Treat the UI message as a claim, never as proof. Every “success” toast is the starting point of verification, not the end of it. Follow up with the DB query or API trace that confirms the system agrees with what the screen said.
Assert both sides of every write. On a transfer, check the debit and the credit. On an order, check the order row and the inventory decrement. On a deletion, check the row is gone and the audit record was created. Checking only one side misses half-committed failures.
Verify totals reconcile. After any financial or stock operation, assert that the sums add up. The individual rows can look correct while a rounding error or a duplicated write makes the total wrong.
Scope every assert to a unique test identifier. Use a UUID-prefixed reference, a dedicated test email domain, or a per-run customer ID. Never assert on a row count for the whole table in a shared environment — another tester’s run will break your count.
Keep query snippets in a team repo. Commonly needed DB asserts — “confirm both ledger legs”, “check audit entry”, “verify subscription active” — should live in version control as parameterised scripts, not as one-off queries typed from memory each sprint.
Anchor to contracts, not incidentals. Base your assertions on documented schema (ERD or migration files), published OpenAPI specs, or defined audit events. If you assert on an undocumented column that a dev plans to rename, you create test noise, not test value.
Check what must not have changed, not only what should. After a targeted operation, query the rows that the operation should have left untouched and confirm they are unchanged. This is how you catch unintended side-effects and cascading update bugs.
Pair with API tracing for multi-service flows. For flows that cross service boundaries, intercept the internal API calls (network tab, a proxy like Proxyman, or test-harness request capturing) and assert on payload and status, not just the final UI outcome.
Request read-only DB access early in the project. In most NZ enterprise environments (banks, insurers, government agencies) database access requires a formal request. Raise it in project inception, not the week before go-live.
Document grey-box steps explicitly in the test case. A test case that just says “transfer $250 and verify” is a black-box test until you add the explicit step “query ledger table with reference X and assert debit −$250 + credit +$250 both committed.” Make the internal check a numbered step, not an afterthought.

7 Common Misconceptions

❌ Myth: Grey-box testing just means “black-box testing where you also look at the database sometimes.”

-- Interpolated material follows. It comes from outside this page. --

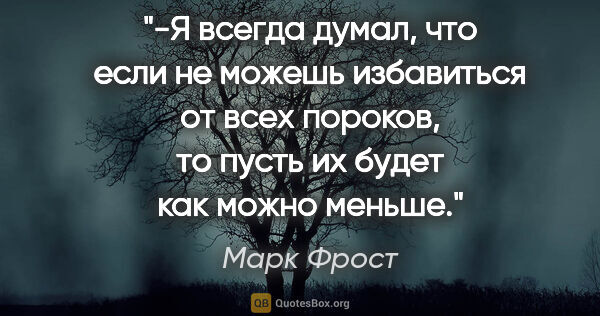 Марк Фрост цитата: "-Я всегда думал, что если не можешь избавиться от всех..."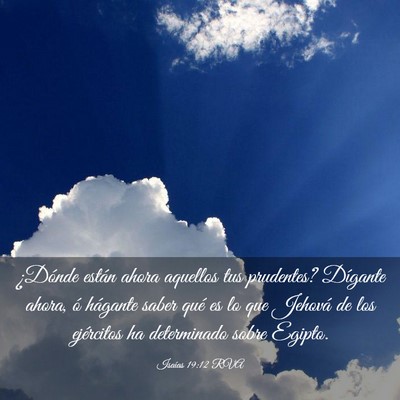 Picture 03 - Isaías 19:12 RVA - ¿Dónde están ahora aquellos tus prudentes? - Bible Verse Picture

Reality: Grey box is a deliberate stance, not an occasional extra step. It means consistently using partial internal knowledge — schema, API contracts, architecture, logs — to design your cases and to verify internal state. If you only glance at the DB when something looks suspicious, you are doing ad-hoc debugging, not grey-box testing. The technique requires that every test case with a write path has a planned internal assertion before you execute.

❌ Myth: Grey-box testing requires source-code access, just less of it than white-box.

Reality: Grey box requires structural knowledge, not source code. The database schema, an OpenAPI spec, an architecture diagram, and an application log format are all grey-box inputs — and none of them require you to read a line of application code. Many testers in NZ agencies and financial services use grey box their entire careers without ever having repository access; they work from published data dictionaries and API contracts instead.

❌ Myth: If the screen says it worked, the test passes — adding DB checks is gold-plating.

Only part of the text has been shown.